Une autre association, "Agir contre la prostitution des enfants" (ACPE), basée à Paris, estime à au moins 20 000 le nombre de victimes, "même si", affirme sa déléguée générale Anne Labastire, "on est sûr d'être en-deçà de la réalité du phénomène". Pour Jennifer Pailhé, le cauchemar a débuté quand sa fille a "rencontré ce garçon en colonie de vacances". Pour le rejoindre, "elle a fugué sur Paris, dans le 9-5" (Val d'Oise).La mère retrouve la trace de son enfant sur des sites d'escorting.

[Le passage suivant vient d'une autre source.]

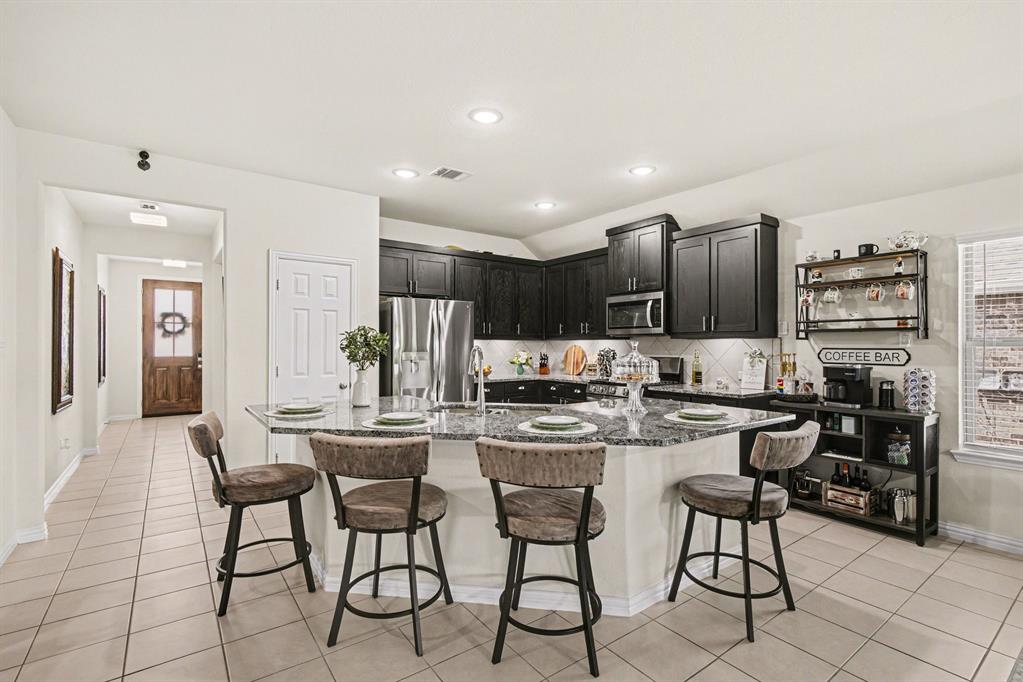 1237 Rushmore Drive Burleson, TX 76028 - Photo 6 of 28 a kitchen with stainless steel appliances kitchen island granite countertop a stove a table and chairs in it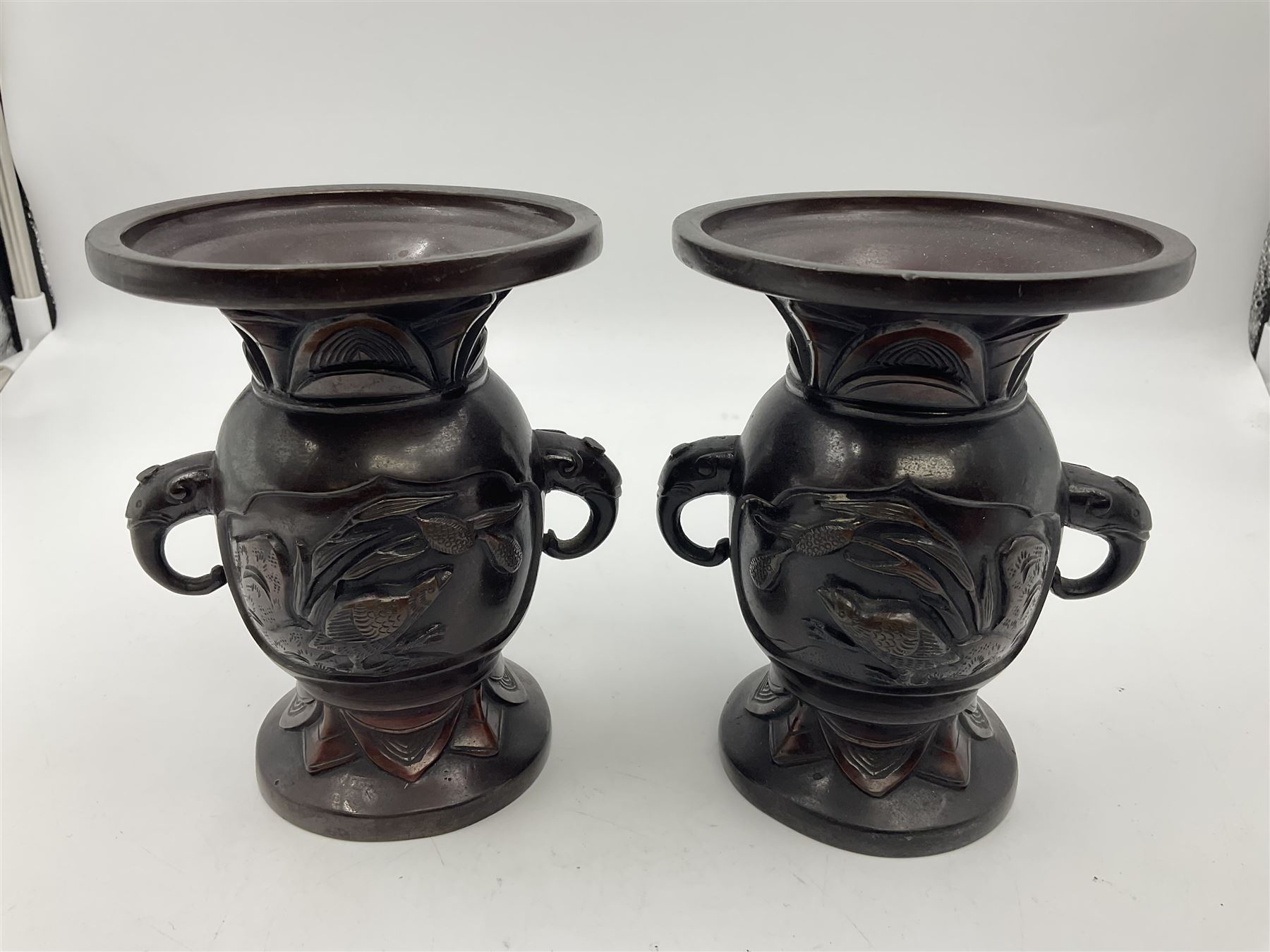 Chinese bronze vase, of baluster form with elongated neck, decorated in relief with birds amongst prunus blossom, together with a smaller pair of twin handled bronzed vases, decorated with peacocks and a blue Peking glass dish, with white metal mounted decorated with dragons, bronze vase H23.3cm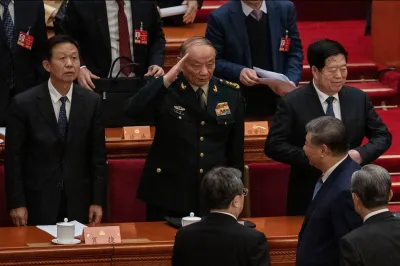 Central Military Commission Vice Chairman Zhang Shengmin raises his right hand in a salute to Chinese President Xi Jinping, who is walking a level lower in a red-carpeted auditorium.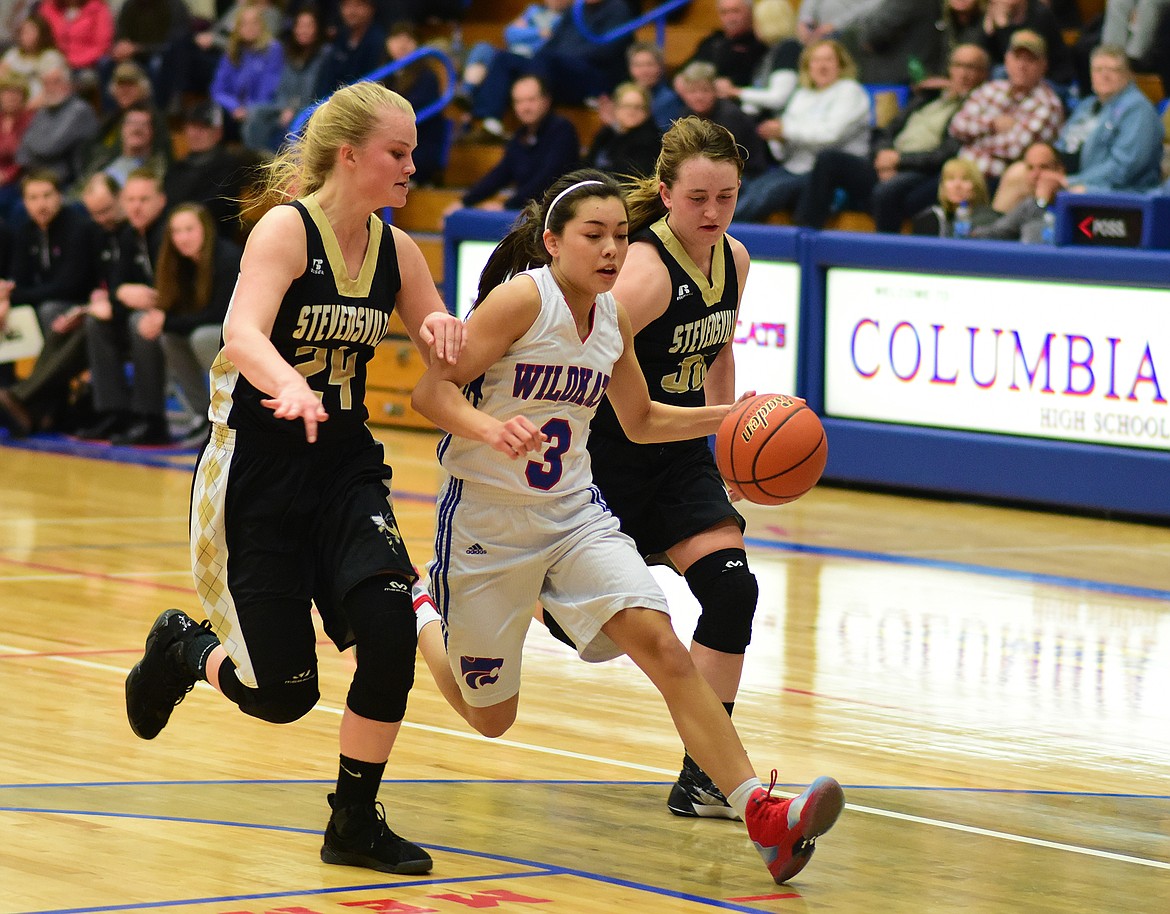 Dani Douglas races down court after making a steal against Stevensville.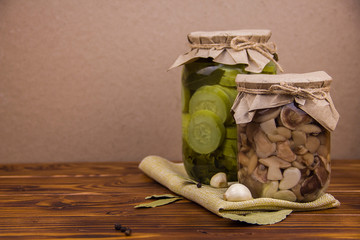 fermented pickled canned zucchini and mushrooms in jars  garlic bay leaf black pepper peas on a piece of burlap on brown wooden background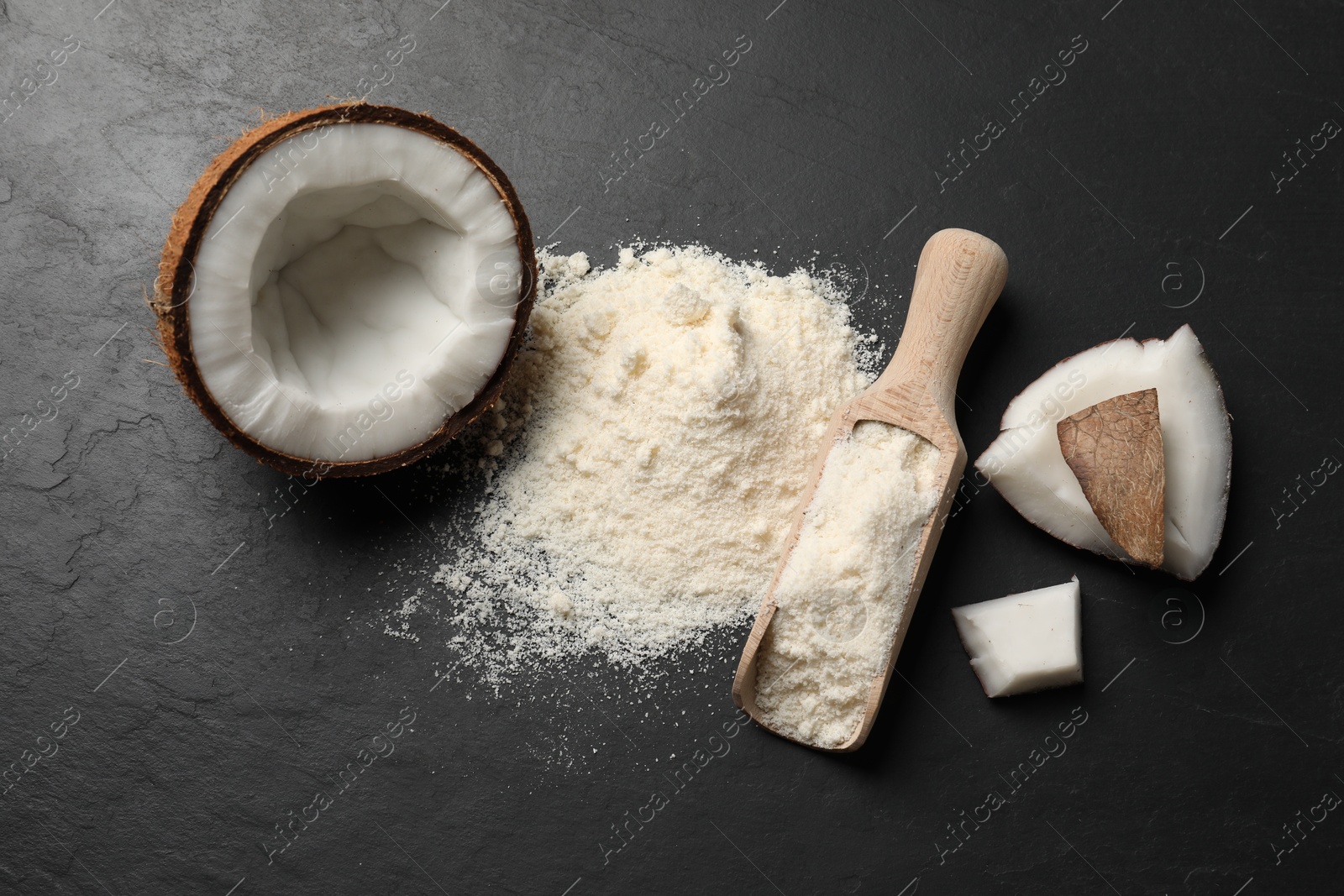 Photo of Organic coconut flour and fresh fruits on black table, flat lay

J'ai vu les premières annonces, j'ai cliqué. J'ai pas pu être dans le déni, c'était sa photo, son corps, c'était elle

Jennifer Pailhé

Environ six ans plus tard, le garçon - le "lover boy", comme on l'appelle dans ces affaires où des jeunes filles tombent sous l'emprise de celui dont elles sont amoureuses - est en prison. Et la fille de Jennifer tente de prendre un nouveau départ. Les victimes sont issues de tous les milieux, mais ont souvent pour point commun d'avoir vécu un traumatisme (harcèlement scolaire, viol, inceste, etc.). "Elles sont un peu endoctrinées par tout ce qui est réseaux sociaux, téléréalité, leurs égéries auxquelles elles ont envie de ressembler, l'argent facile", analyse Jennifer Pailhé.

"Glamourisation" 

L'immaturité liée à leur jeune âge les empêche ensuite de "reconnaître ce qu'elles vivent", explique Sophie Antoine, responsable juridique de l'ACPE. Un déni accentué par une "glamourisation" du vocabulaire ("escort", "michetonneuse", etc.), ajoute-t-elle. Le policier confirme que "dans la grande majorité des cas, les victimes sont consentantes, et n'ont aucun recul sur le fait que ce qu'elles font aura des répercussions sur leur psychisme". Quant aux proxénètes, complète-t-il, ce sont "la plupart du temps des garçons ayant échoué à s'implanter dans le trafic de drogue, qui transfèrent leur savoir-faire criminel".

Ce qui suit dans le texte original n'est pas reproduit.